Assuming there is any truth to that, guess we can't cancel the hard lines yet :-).

#EverythingoIP

Mark.

My speculative guess would be that OOB access to a few outbound-facing
routers per DC does not help much if a configuration error withdraws the
infrastructure prefixes down to the rack level while dedicated OOB to
each RSW would be prohibitive.

If your OOB has any dependence on the inband side, it’s not OOB.

It’s not complicated to have a completely independent OOB infra , even at scale.

1 Like

That's not quite true. It still gives much better clue as to what is
going on; if a host resolves to an IP but isn't pingable/traceroutable,
that is something that many more techy people will understand than if
the domain is simply unresolvable. Not everyone has the skill set and
knowledge of DNS to understand how to track down what nameservers
Facebook is supposed to have, and how to debug names not resolving.
There are lots of helpdesk people who are not expert in every topic.

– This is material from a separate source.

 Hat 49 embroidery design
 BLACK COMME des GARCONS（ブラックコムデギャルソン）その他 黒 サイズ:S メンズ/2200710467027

Having DNS doesn't magically get you service back, of course, but it
leaves a better story behind than simply vanishing from the network.

... JG

Thanks for sharing that article. But OOB access involves exactly that - Out Of Band - meaning one doesn't depend on any infrastructure prefixes or DFZ announced prefixes. OOB access is usually via a local ADSL or wireless modem connected to the BFR. The article does not discuss OOB at all.

Regards,
Hank

Facebook stopped announcing the vast majority of their IP space to the DFZ during this.

This is where I would like to learn more about the outage. Direct Peering FB connections saw a drop in a networks (about a dozen) and one the networks covered their C and D Nameservers but the block for A and B name servers remained advertised but simply not responsive .
I imagine the dropped blocks could have prevented internal responses but an suprise all of these issue would stem from the perspective I have .

That's great for you and me who believe in and like troubleshooting.

Jane and Thando who just want their Instagram timeline feed couldn't care less about DNS working but network access is down. To them, it's broken, despite your state-of-the-art global DNS architecture.

I'm also yet to find any DNS operator who makes deploying 3rd party resiliency to give other random network operators in the wild troubleshooting joy their #1 priority for doing so :-).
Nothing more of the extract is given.